Logika nakazuje: „jeśli z przyczyn formalnych nie możesz wyremontować jednej drogi, to wyremontuj inną”. Niestety. Ten sposób myślenia obcy jest radnym lokalnej Wspólnoty Samorządowej GRYF. Ci „mędrcy” uznali, że drogi w gminie Police mamy w doskonałym stanie i nie trzeba ich naprawiać. 

PRZECZYTAJ CAŁY ARTYKUŁ: "Nie będzie drogi ... będą igrzyska"

Tym samy pół miliona z niedoszłego asfaltu „poszło” na (nie małe i tak) pensje dla siatkarek … grających w Szczecinie. A teraz szczegóły.

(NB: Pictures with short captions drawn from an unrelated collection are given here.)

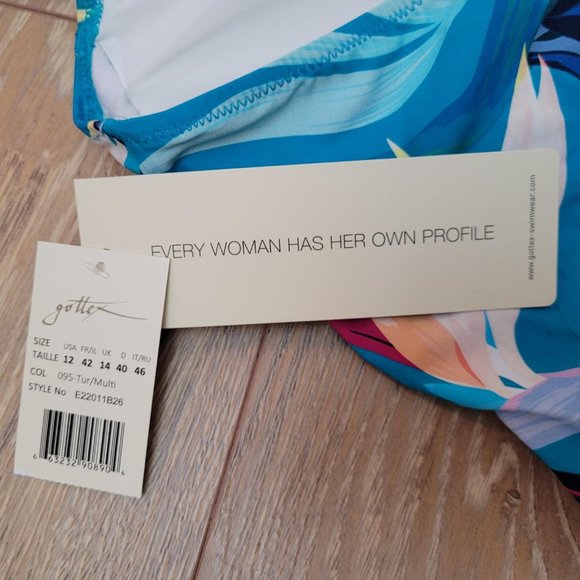 103. Profile by Gottex Underwire Tankini Top. Light blue tropical. Size 12. NWT - Picture 4 of 4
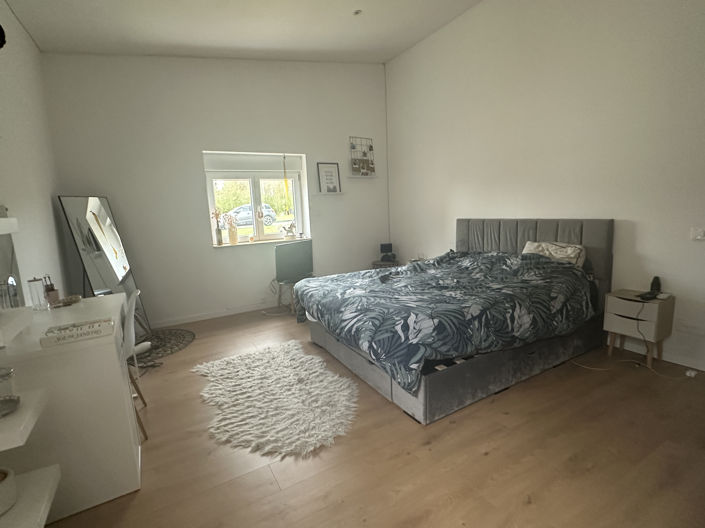 Image No.12-4 Bed House for sale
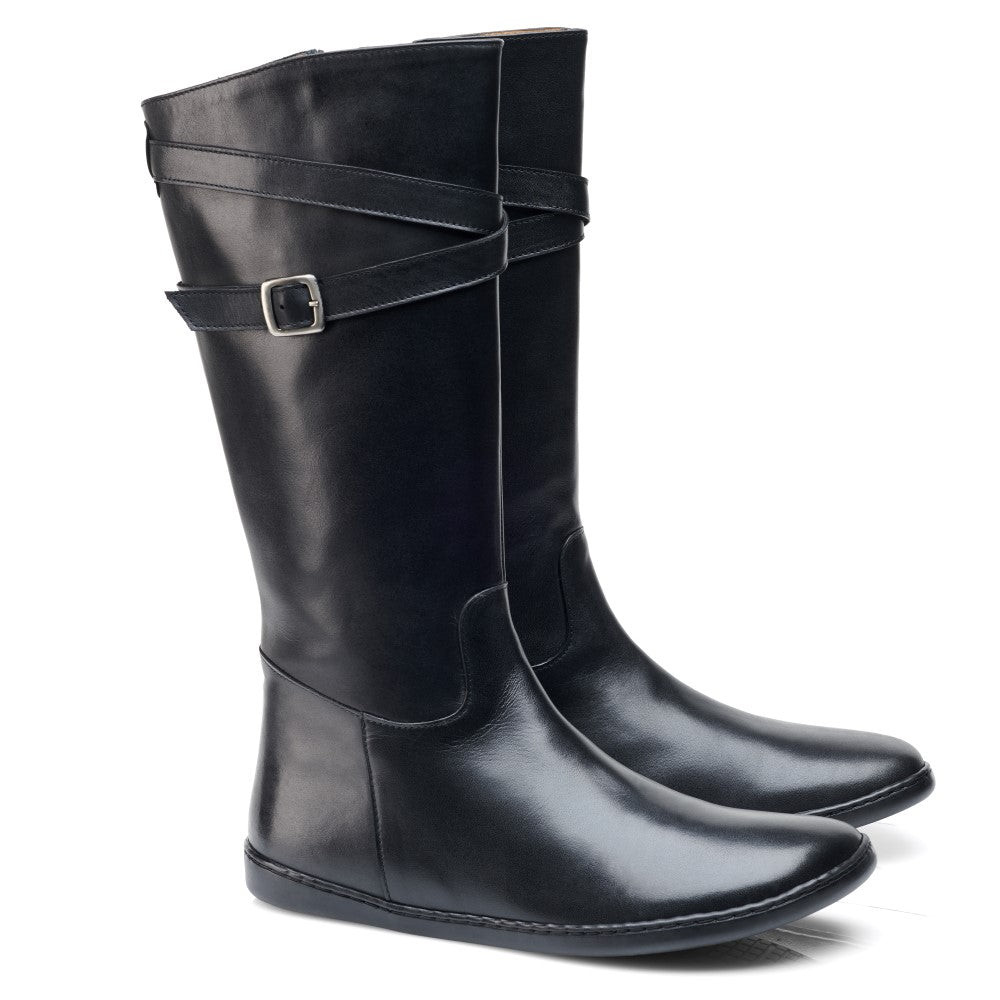 Wir präsentieren die ATTRAQT Winter Black-Stiefel von ZAQQ: Diese glänzenden, schwarzen kniehohen Stiefel sind fachmännisch aus luxuriösem Ziegennappaleder gefertigt. Sie verfügen über eine runde Spitze und einen stilvollen dekorativen Riemen mit Schnalle an der Oberseite und bieten einen eleganten, minimalistischen Look mit flachen Sohlen.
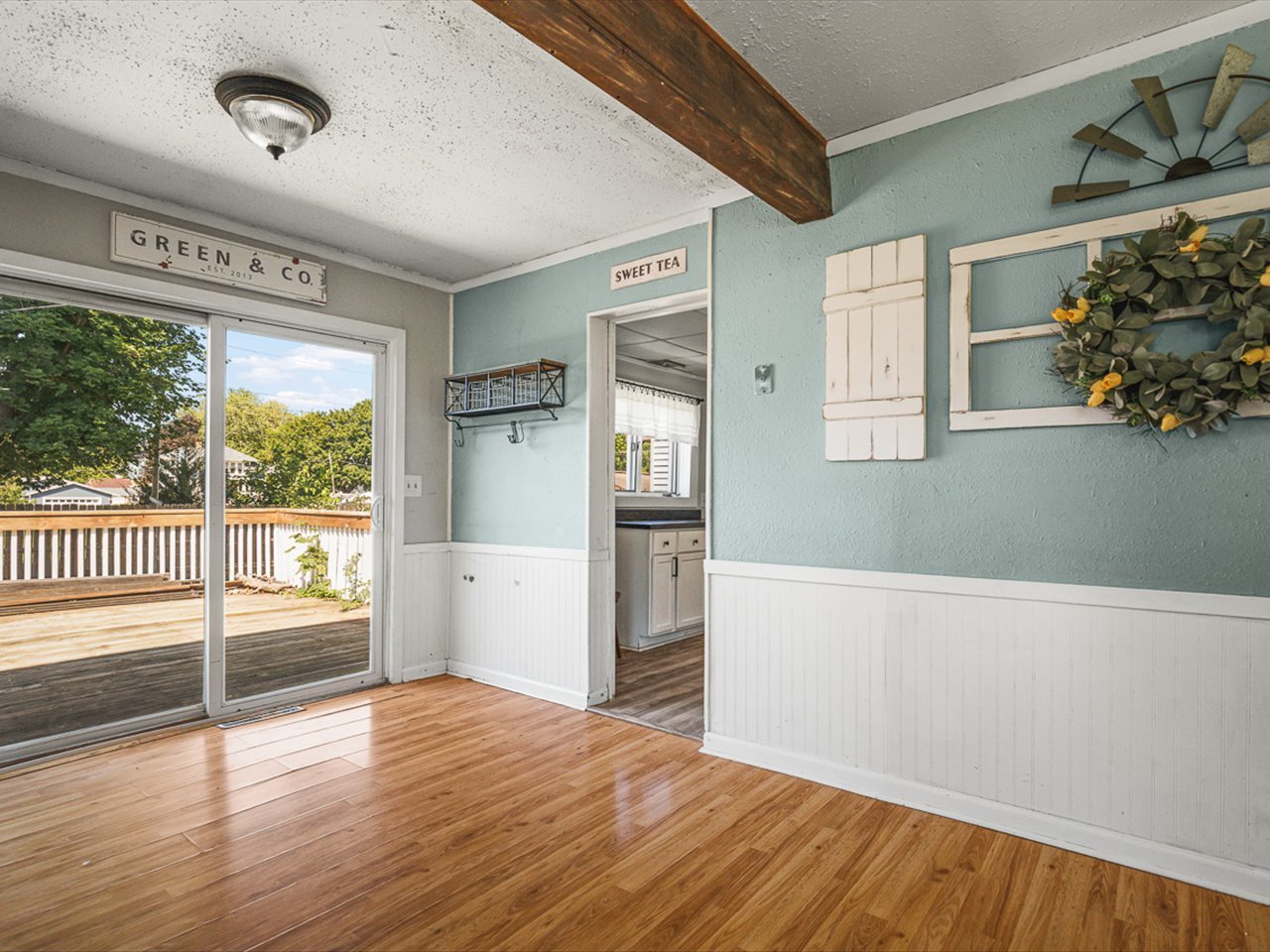 312 N Stanton Street Property Photo 16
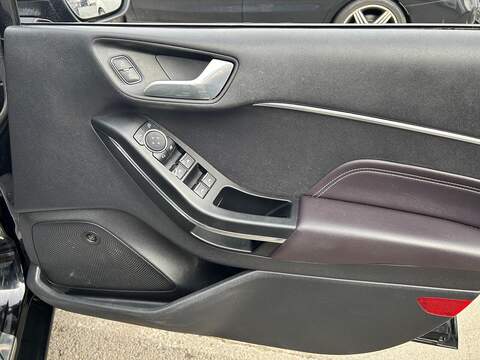 Ford Fiesta 1.0T EcoBoost GPF Vignale Hatchback 5dr Petrol Auto Euro 6 (s/s) (100 ps) - U507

Radni gminni GRYF-a postanowili (z przyczyn formalnych) przesunąć na inny okres remont ulicy Grunwaldzkiej w Policach (na odcinku od Rynku do przejazdu kolejowego). Tym samym w budżecie „remontu dróg” pojawiła się wolna kwota 500.000 złotych. Logika nakazuje, żeby szybko „przerzucić” te pieniądze na modernizację innej drogi. Niestety. Logika jedno, a polecenie „partyjne” drugie …

„Wszystkie drogi w gminie są w tak doskonałym stanie, że nie trzeba ich naprawiać” – taki wniosek wyciągnąć można po głosowaniu „zielonych” samorządowców nad zmianami w budżecie. Ponieważ jeździmy po świetnych nawierzchniach i chodzimy po nowoczesnych chodnikach, więc radni GRYF-a przegłosowali w/w pół miliona z budżetu „remontu dróg” na … pensje dla siatkarek. Oczywiście tych grających w Szczecinie, a nie w Policach.

Co by było, gdyby w/w 500.000 złotych przekazano (dla przykładu) piłkarzom nożnym Chemika. Zapewne mielibyśmy w Policach rozgrywki centralne drugiej ligi, którymi interesuje się cała Polska oraz mecze Pucharu Polski transmitowane przez Polsat. A tak, zamiast promocji „ojczystych” żółto-zielonych barw mamy … dotowanie „biało-niebieskich”.

Działacze Wspólnoty Samorządowej GRYF twierdzą, że „musimy uczestniczyć w promocji tej drużyny”. Zgoda. Ale czy w kwocie aż 720 TYSIĘCY ZŁOTYCH? Przypomnijmy, że wcześniej uchwalono przekazanie na ten cel 200.000 złotych, a obecnie dołożono jeszcze 520.000 złotych?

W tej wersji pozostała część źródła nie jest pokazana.